Xeriscaping combines the Greek prefix “xero,” which means dry or arid, with the latter half of the word “landscape.” This term often gets confused as zeroscaping since the words sound similar. Zeroscaping refers to a type of gardening or landscaping that uses few or no plants.
This type of gardening is trendy in areas with almost no rainfall and ideal for individuals that want a garden with no maintenance.
Xeriscaping still promotes biodiversity similar to other types of landscaping; however, this landscaping goes beyond the cacti, and gravel people typically expect when they hear this term. A garden that uses xeriscaping principles might include a wide variety of plants or a single type, and some of the plants that fit with this style of gardening look surprisingly lush.
Unlike other types of landscaping, with xeriscaping, there is a limited amount of turf or grass, and water-efficient plants get priority. Soil amendments and mulches are also equally as common in xeriscaping as they are in other types of landscaping because they help the ground retain moisture.
Maintaining a xeriscaped space is a little bit different than with other landscaping. Many kinds of traditional landscaping require frequent watering, fertilizer, and plant maintenance at regular intervals. Xeriscaping has a limited amount of fertilizing, very little irrigation, and a minimal amount of plant maintenance.
Xeriscaping is also more likely to utilize different kinds of gravel as a mulch to retain moisture, while other landscaping primarily uses rubber or wood mulch, bark, or other organic matter.
Is Xeriscaping Right for My Space?
If you live in an arid environment, a xeriscaped space can help you enjoy plant life with little maintenance and little water. Xeriscaping is also a good option for those who want to use fewer resources in general and invest a minimal amount of labor but still want a nice outdoor plant space.

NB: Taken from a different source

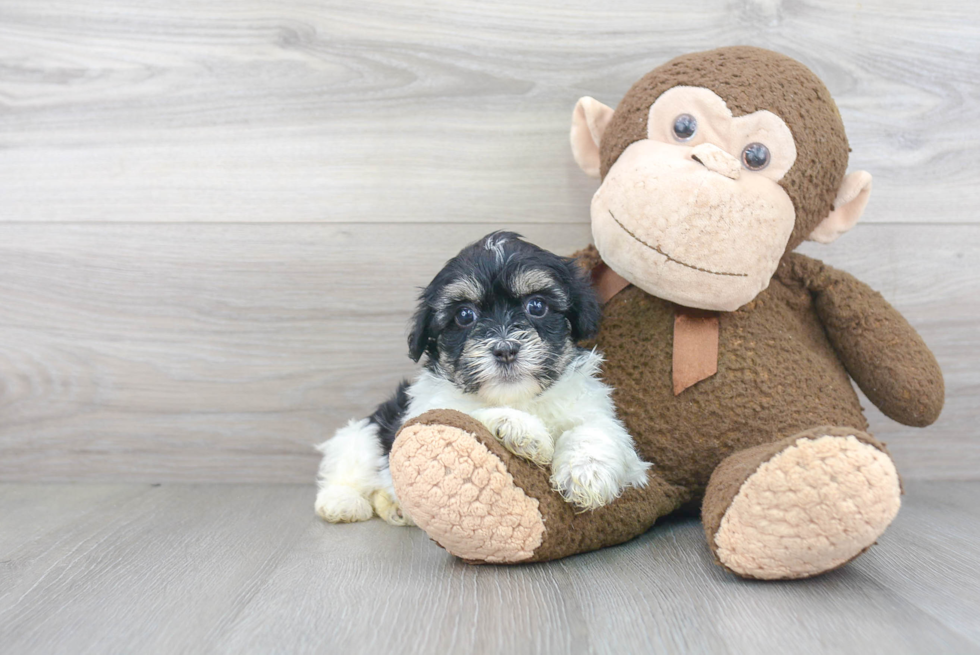 Playful Havanese Purebred Pup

Many parts of the US also have inexpensive materials such as rocks and gravel available throughout the year, but other traditional landscaping materials like sod or hardwood mulch are pricey. In these areas, choosing a design that makes the most out of economical landscaping supplies can reduce the overall cost of the garden setup.
Some people aren’t fond of plants and gardening, and that’s where xeriscaping comes in handy! By xeriscaping, it’s possible to schedule your gardening time during the year to minimize your efforts but keep your garden looking picture perfect.
The Benefits of Xeriscaping
With a xeriscaped garden comes several benefits, including water conservation and low maintenance. Other benefits include a more diverse range of natural plants, lower cost, and reduced weeds.
When gardening an area using xeriscaping principles, you’ll likely have fewer plants and even fewer weeds than you might imagine. Since xeriscaping makes the most out of a small amount of water, many weeds and certain types of plants can’t survive.
Since the weeds can’t survive these conditions, chances are good you’ll have less weeding to do, and using gravel as mulch means you won’t have to add more mulch each year. You will still need to work on your soil to keep up the nutrients your plants need, but this task is easily accomplished with specific types of fertilizer and other soil amendments.
When you design your xeriscape garden, you can decide how much effort you’d like to put into the plants and how often you want to be out in the garden working on them. For many individuals, less time is better, so they choose plants that don’t need pruning or other attention.
It’s still possible to have a diverse group of plants when you use xeric-friendly specimens, but many individuals choose only a few species. If you want to have a tidy-looking garden space with truly minimal labor involved, using fewer types of plants in your design can help drastically.
Xeriscaping still produces beautiful outdoor spaces with plenty of natural color and texture. Plants such as succulents come in a wide variety of colors and shapes, and other types of plants such as lavender produce a wonderful scent.
Xeric plants include many varieties, such as Century Plants, which are both eye-catching and practical. Other excellent flowering options include olive trees, blanket flowers, and coreopsis, which produce brightly colored blooms throughout the season.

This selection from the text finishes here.